• GELIAT BISNIS BUNGA PASKA PANDEMI

    by  • 16/08/2022 • Buah, Sayur, Tanaman Hias, PERTANIAN • 0 Comments

    Sabtu, 16 Juli 2022, pukul 05.00 saya turun dari Hotel New Bandungan Indah milik PT Kereta Api, menuju Pasar Bunga Bandungan. Dulu pasar yang hanya ramai dari pukul 04.00 – 08.00 ini berlokasi di depan kantor kecamatan. Sekarang direlokasi di tepi jalan ke arah Ambarawa.

    Pukul 05.00 pasar khusus bunga itu sudah ramai. Para petani memanen bunga mereka pada sore hari, atau dini hari, lalu membawanya ke pasar khusus ini. Pembelinya pedagang dan floris. Selama pandemi aktivitas di pasar ini menurun, tetapi tidak sampai terhenti sama sekali. Sebab selama pandemi kebutuhan bunga untuk rangkaian ucapan duka cita korban Covid-19 justru tinggi. Yang terhenti rangkaian bunga untuk pesta pernikahan, ulang tahun, gereja, seminar/rapat dan hotel. Tampaknya, aktivitas pesta pernikahan, ulang tahun dll. mulai ramai lagi pada 2022.

    Kecamatan Bandungan, Kabupaten Semarang, Jawa Tengah; dikenal sebagai salah satu sentra bunga di Indonesia. Sebelum dekade 1980, Bandungan dikenal sebagai produsen lily paskah (lily putih, Lilium longiflorum) satu-satunya di Indonesia. Lily paskah ini ditanam petani di lereng terasering ladang, bersama mawar tabur, singkong, keladi dll. Lily paskah itu tumbuh secara alami tanpa perlakuan apa pun. Tiap kali keluar bunga, petani memanennya. Sejak dekade 1990, lily paskah juga dibudidayakan di dataran tinggi Ijen, Jawa Timur dan Bali. Jawa Barat pernah mencoba membudidayakan lily paskah, tetapi hasilnya tak sebaik di Ijen dan Bali.

    Selain bunga potong, Bandungan juga penghasil mawar tabur, bersama dengan Kecamatan Grabag di Kab. Magelang. Menjelang Ramadan dan Idulfitri 2022 para petani mawar tabur Bandungan juga Grabag panen raya, setelah selama dua tahun “puasa” akibat pandemi. Beda dengan bunga potong dengan pasar masyarakat menengah ke atas, mawar tabur dipakai oleh semua lapisan masyarakat. Selain untuk ziarah makam, mawar tabur juga digunakan dalam upacara pemakaman dan sesaji.

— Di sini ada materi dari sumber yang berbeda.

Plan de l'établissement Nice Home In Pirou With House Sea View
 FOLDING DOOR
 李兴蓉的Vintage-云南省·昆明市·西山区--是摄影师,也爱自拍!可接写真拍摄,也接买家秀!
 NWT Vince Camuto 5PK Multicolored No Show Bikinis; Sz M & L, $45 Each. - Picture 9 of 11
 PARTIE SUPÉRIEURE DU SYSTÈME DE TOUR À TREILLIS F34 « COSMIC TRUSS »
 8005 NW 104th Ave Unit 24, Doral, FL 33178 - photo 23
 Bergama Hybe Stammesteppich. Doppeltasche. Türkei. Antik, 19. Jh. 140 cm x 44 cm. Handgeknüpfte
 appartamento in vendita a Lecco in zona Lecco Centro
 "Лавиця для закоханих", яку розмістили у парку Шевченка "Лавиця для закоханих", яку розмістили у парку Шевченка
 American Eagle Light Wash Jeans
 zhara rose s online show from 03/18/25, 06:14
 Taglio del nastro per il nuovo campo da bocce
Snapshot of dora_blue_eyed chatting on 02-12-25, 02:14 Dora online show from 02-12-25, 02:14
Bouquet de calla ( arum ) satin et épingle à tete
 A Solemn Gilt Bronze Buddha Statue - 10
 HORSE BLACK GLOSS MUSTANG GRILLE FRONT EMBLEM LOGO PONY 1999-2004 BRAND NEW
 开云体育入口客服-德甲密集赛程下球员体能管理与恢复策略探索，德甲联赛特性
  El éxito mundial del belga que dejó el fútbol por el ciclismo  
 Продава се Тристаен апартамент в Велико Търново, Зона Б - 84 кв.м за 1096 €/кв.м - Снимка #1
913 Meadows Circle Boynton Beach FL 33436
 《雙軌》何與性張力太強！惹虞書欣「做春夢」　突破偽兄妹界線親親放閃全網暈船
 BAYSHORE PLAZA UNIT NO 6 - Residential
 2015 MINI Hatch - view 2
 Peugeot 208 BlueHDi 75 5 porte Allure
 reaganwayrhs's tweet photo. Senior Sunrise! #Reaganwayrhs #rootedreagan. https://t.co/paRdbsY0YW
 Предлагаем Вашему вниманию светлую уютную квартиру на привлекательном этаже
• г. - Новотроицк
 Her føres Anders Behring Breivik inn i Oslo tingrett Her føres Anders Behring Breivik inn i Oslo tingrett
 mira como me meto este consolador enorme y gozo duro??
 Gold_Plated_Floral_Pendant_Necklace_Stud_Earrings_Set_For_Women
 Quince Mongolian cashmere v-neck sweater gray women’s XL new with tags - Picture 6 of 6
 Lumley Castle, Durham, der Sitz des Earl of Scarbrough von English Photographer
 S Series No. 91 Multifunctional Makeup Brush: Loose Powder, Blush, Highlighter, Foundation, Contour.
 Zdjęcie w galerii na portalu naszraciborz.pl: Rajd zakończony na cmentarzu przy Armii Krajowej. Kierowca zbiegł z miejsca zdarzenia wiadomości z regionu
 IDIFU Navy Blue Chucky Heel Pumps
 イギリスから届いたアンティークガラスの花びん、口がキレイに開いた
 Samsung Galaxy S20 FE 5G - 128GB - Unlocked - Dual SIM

Di Jabodetabek, harga mawar tabur sangat tinggi, hingga disubstitusi dengan bunga pacar air.

    Pasar bunga Bandungan tak hanya menampung produk petani bunga di Kecamatan Bandungan, melainkan juga dari Kecamatan Bergas dan Kecamatan Sumowono. Sekarang petani bunga di Kecamatan Bergas dan Sumowono, bahkan lebih banyak dibanding di Kecamatan Bandungan sendiri. Sebab para petani di Kecamatan Bandungan banyak yang alih profesi ke sektor pariwisata. Baik sebagai pedagang makanan dan cenderamata, maupun sebagai penyedia jasa naik kuda. Selama pandemi, aktivitas wisata di Bandungan benar-benar terhenti. Sedangkan komoditas bunga masih berjalan meski dengan volume menurun.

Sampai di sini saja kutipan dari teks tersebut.